Metabolic and Psychological Response to 7-day Fasting in Obese Patients With and Without Metabolic Syndrome


Metabolic and Psychological Response to 7-day Fasting in Obese Patients With and Without Metabolic Syndrome

Chenying Li et al. Forsch Komplementmed. .


Background: Extended modified fasting is a frequently practiced tradition in Europe. It is claimed to improve the cardiometabolic state and physical and psychological well-being by an evolutionary co-developed adaptation response. We aimed to investigate the cardiometabolic and psychological effects of a 7-day fast and differences of these responses between patients with or without metabolic syndrome (MetS).

Methods: We investigated 30 female subjects (49.0 ± 8.1 years, BMI 30.4 ± 6.7 kg/m(2)) with (n = 12) and without (n = 18) MetS. All subjects participated in a 7-day fast according to Buchinger with a nutritional energy intake of 300 kcal/day and stepwise reintroduction of solid food thereafter. Outcomes were assessed baseline and after fasting and included measures of metabolic and glucoregulatory control, adipokines as well as psychological well-being as assessed by Profile of Mood States (POMS) and Hospital Anxiety and Depression Scale (HADS).
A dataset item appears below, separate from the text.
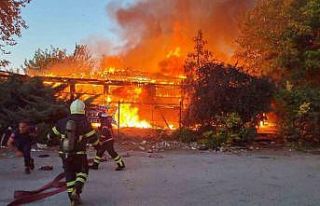 Sakarya’da kafede korkutan yangın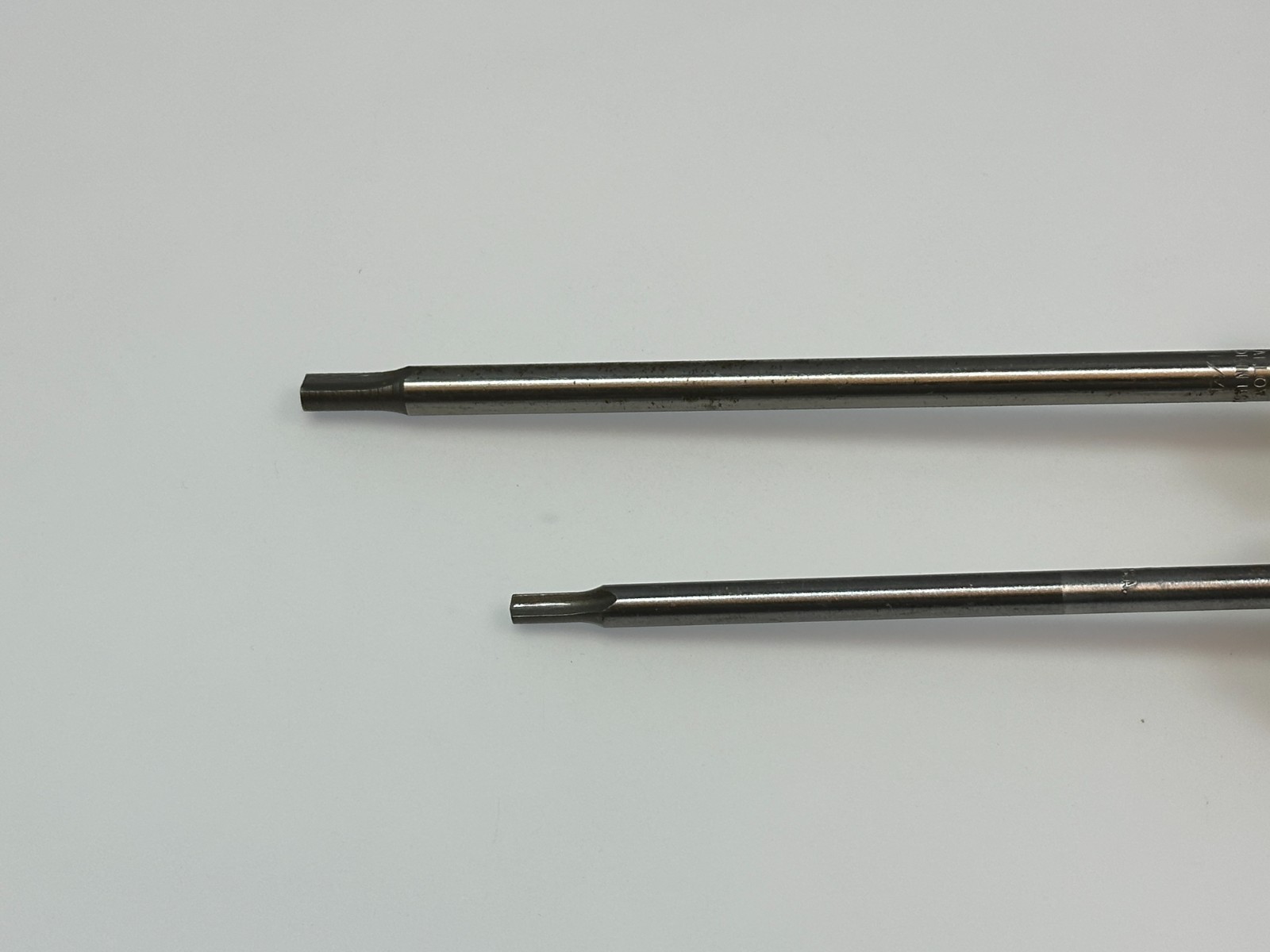 Rosco Tools USA (NOS) 2pc Clutch Head Driver Screwdriver Set Pair, Hard Handle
Results: Mean weight decreased from 85.4 ± 18.8 kg to 79.7 ± 18.2 kg accompanied by systolic/diastolic blood pressure (BP) reduction of -16.2 mm Hg (95% CI: -9.1; -23.3 mm Hg) and -6.0 mm Hg (95% CI: -1.8; -10.3 mm Hg), each p < 0.001 and p = 0.005. Fasting led to marked decreases of levels of LDL-cholesterol, leptin, and insulin and increases of levels of adiponectin, leptin receptors, and resistin. Fasting-induced mood enhancement was reflected by decreased anxiety, depression, fatigue, and improved vigor. Patients with MetS showed some greater changes in B P, LDL-cholesterol, triglycerides, adiponectin, leptin, and sleep quality. Fasting was well-tolerated.

Conclusions: Our results point to marked beneficial responses to 7-day modified fasting and a potential role in the prevention of the MetS. Randomized trials with longer observation periods should test the clinical effectiveness of fasting in metabolic diseases.